A Bowl of Stone Fruit

Never forget the child’s face, nonplused

on touching first an apple, then a pear,

then a banana, his bewildered stare

becoming peevish as his buoyant trust

in the appearances that grown-ups prize

founders. Items for which his taste buds lusted

are for display, and regularly dusted.

Try to explain how people feast their eyes

on such a centerpiece, how they are able

to cherish a quartz peach, whose blushing skin

is bonded pigment, stone bearing within

no stone a tree would spring from. Now the table

stands taller than his head; but watch him grow,

to grow unflustered by the cold and hard

baubles adult taste holds in fond regard.

Never forget his face, first made to know.

Airs and Graces

All this was years ago — back in the days

of afternoon visits between ladies

with children brought along, resigned to boredom.

Her mother always stayed for a second cup;

her mother’s aunt, happy to be a hostess,

kept pressing macaroons on her niece

and grand-niece (something neither of them favored).

It always seemed to be raining when they went there

and there was no dog or cat to play with.

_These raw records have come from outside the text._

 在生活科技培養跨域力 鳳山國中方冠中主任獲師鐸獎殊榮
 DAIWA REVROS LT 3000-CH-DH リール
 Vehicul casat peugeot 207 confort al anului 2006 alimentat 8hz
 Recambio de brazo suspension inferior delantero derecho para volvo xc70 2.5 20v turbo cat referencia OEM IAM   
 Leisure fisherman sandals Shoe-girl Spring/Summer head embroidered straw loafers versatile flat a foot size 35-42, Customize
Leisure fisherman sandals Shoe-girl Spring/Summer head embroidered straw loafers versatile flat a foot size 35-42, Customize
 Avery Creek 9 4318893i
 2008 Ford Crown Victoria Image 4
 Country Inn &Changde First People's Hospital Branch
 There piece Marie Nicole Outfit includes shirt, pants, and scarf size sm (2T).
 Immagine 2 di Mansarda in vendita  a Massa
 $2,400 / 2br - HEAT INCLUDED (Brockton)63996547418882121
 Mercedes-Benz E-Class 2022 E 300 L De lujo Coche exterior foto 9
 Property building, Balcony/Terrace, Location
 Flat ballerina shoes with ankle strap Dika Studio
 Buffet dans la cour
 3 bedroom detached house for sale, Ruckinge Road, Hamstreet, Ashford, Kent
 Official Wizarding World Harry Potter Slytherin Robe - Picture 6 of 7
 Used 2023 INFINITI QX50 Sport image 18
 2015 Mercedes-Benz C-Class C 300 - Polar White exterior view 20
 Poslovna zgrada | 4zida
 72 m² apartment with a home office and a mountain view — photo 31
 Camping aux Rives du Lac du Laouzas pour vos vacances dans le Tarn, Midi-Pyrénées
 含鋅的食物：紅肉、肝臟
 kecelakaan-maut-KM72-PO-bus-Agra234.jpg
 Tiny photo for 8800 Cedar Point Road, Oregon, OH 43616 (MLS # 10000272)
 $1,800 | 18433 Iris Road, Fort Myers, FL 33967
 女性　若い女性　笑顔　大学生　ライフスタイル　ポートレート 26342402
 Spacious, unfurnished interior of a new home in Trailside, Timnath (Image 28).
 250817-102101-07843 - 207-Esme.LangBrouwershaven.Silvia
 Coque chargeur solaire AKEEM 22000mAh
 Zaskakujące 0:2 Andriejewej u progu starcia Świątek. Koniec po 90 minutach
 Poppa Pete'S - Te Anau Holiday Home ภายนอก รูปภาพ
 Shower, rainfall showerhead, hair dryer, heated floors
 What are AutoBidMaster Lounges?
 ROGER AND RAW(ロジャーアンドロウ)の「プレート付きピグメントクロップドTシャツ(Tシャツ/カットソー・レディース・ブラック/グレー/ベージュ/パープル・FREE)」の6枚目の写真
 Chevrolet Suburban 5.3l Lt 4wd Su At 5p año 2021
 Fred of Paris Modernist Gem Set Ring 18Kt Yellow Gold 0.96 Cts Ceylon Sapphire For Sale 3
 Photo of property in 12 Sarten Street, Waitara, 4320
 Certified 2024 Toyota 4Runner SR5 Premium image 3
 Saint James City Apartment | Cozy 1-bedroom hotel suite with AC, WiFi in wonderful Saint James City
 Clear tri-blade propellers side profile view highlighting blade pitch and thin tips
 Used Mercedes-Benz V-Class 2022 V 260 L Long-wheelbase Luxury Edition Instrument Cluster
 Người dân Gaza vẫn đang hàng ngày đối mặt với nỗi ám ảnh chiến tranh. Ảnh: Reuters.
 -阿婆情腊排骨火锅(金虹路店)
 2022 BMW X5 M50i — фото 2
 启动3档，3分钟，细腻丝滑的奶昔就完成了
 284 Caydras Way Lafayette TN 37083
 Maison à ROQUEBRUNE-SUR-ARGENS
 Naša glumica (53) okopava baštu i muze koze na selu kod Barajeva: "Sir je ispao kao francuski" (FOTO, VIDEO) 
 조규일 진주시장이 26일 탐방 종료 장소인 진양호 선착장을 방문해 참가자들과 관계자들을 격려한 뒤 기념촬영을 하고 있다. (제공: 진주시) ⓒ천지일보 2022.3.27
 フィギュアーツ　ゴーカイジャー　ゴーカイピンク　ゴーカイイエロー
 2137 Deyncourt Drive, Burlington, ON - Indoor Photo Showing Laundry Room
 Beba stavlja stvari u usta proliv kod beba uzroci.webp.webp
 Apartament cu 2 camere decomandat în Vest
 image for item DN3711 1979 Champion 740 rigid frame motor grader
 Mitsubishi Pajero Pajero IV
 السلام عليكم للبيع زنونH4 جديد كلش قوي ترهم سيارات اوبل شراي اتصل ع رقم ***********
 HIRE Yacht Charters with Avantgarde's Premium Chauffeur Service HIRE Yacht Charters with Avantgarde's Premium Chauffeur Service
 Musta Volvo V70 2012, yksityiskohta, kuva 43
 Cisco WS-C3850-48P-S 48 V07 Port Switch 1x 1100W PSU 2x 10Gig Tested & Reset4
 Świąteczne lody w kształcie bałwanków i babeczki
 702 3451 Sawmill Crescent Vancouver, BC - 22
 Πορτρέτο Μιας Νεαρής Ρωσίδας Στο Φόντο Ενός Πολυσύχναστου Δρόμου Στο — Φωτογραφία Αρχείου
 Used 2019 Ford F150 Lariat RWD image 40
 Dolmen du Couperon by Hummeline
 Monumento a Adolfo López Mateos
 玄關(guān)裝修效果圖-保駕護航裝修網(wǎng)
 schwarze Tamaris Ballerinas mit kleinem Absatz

When the women were tired of glancing sideways

to see her fidgeting or shedding crumbs,

they’d send her to the spare room to explore

the Dress-Up Box. This could be interesting

if she was in the mood for vintage glamour.

The Box was really a modest-sized tin trunk,

lined with flowered wallpaper and filled

with bits of swank from several decades back.

There were a few dresses, much too large,

trimmed with velvet and imbued with camphor.

It was the accessories she was drawn to.

There was a pair of white gloves that on her

were almost elbow-length. The missing buttons

forced her to bunch them at her wrists, so that

she looked like a Walt Disney character.

There were various paper-and-bamboo fans

with orchids and pagodas painted on them.

She fanned her face with these and made her bangs flap.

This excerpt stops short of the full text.